_Exercise inputs_.
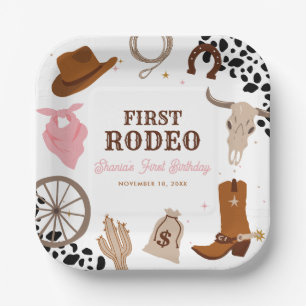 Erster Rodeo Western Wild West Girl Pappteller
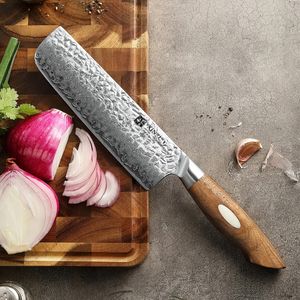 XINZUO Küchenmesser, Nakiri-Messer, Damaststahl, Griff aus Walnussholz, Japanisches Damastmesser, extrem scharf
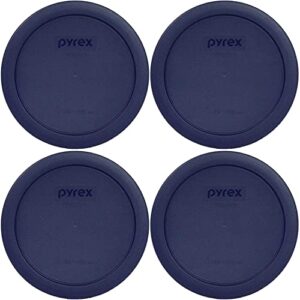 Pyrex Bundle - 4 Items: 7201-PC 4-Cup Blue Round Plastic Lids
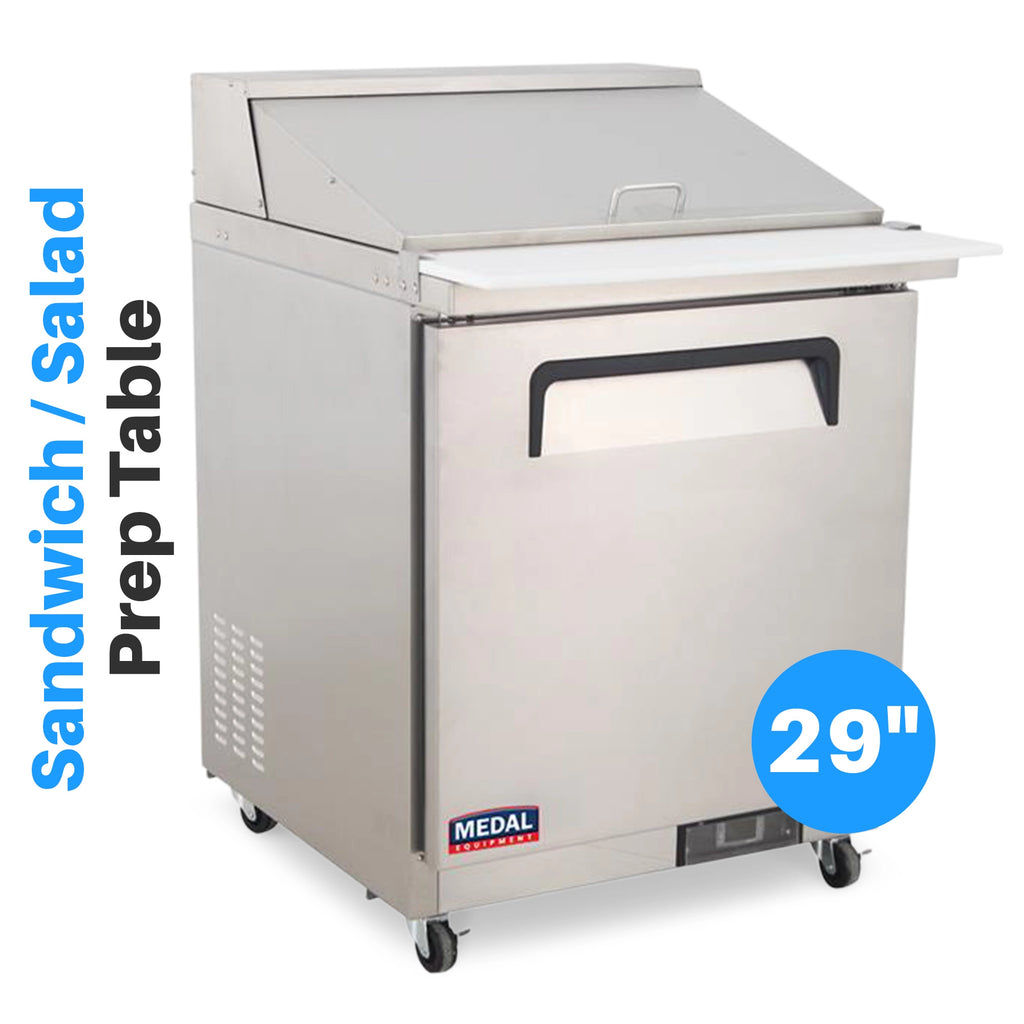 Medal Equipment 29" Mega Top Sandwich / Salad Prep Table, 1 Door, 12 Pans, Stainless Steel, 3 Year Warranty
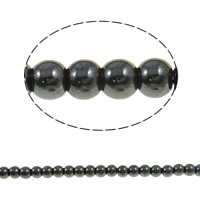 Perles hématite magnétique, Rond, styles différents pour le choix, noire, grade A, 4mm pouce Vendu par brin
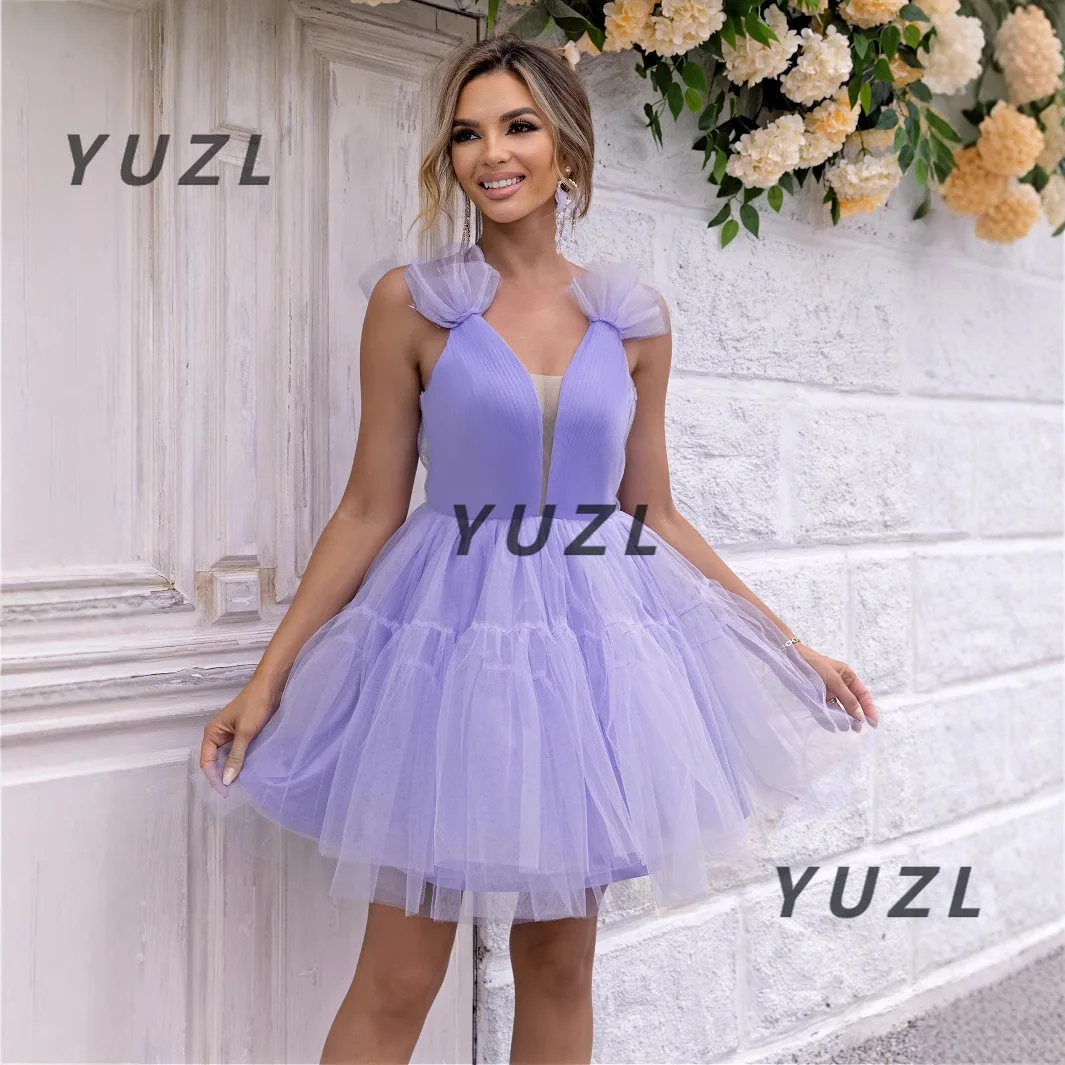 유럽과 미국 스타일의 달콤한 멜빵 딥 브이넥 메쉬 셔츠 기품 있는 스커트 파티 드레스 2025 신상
--
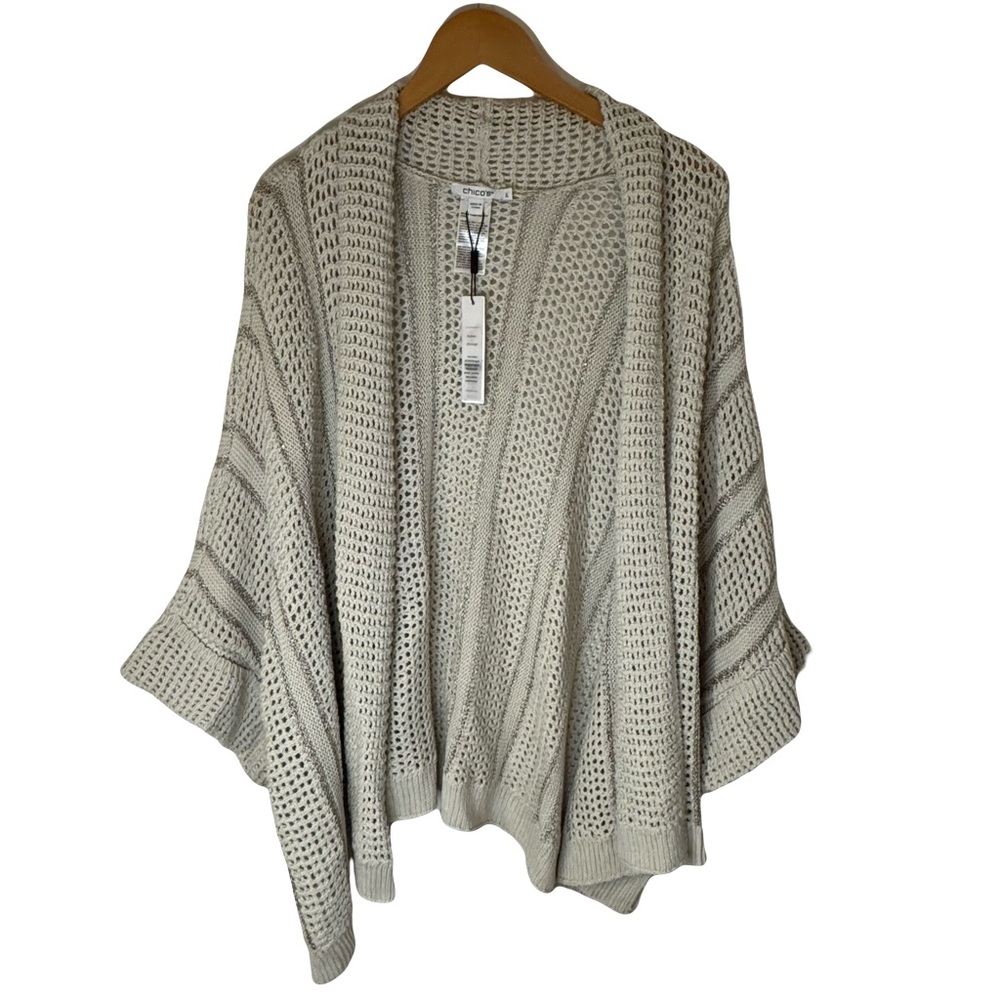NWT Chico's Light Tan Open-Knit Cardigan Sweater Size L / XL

_Exercise details_.
Copy only what lies between the line with "Pyrex Bundle - 4" and the line with "유럽과 미국 스타일의", those two lines included, exactly as given above; pictures stay out.

_Solution for this task_.
 Pyrex Bundle - 4 Items: 7201-PC 4-Cup Blue Round Plastic Lids
 Medal Equipment 29" Mega Top Sandwich / Salad Prep Table, 1 Door, 12 Pans, Stainless Steel, 3 Year Warranty
 Perles hématite magnétique, Rond, styles différents pour le choix, noire, grade A, 4mm pouce Vendu par brin
 유럽과 미국 스타일의 달콤한 멜빵 딥 브이넥 메쉬 셔츠 기품 있는 스커트 파티 드레스 2025 신상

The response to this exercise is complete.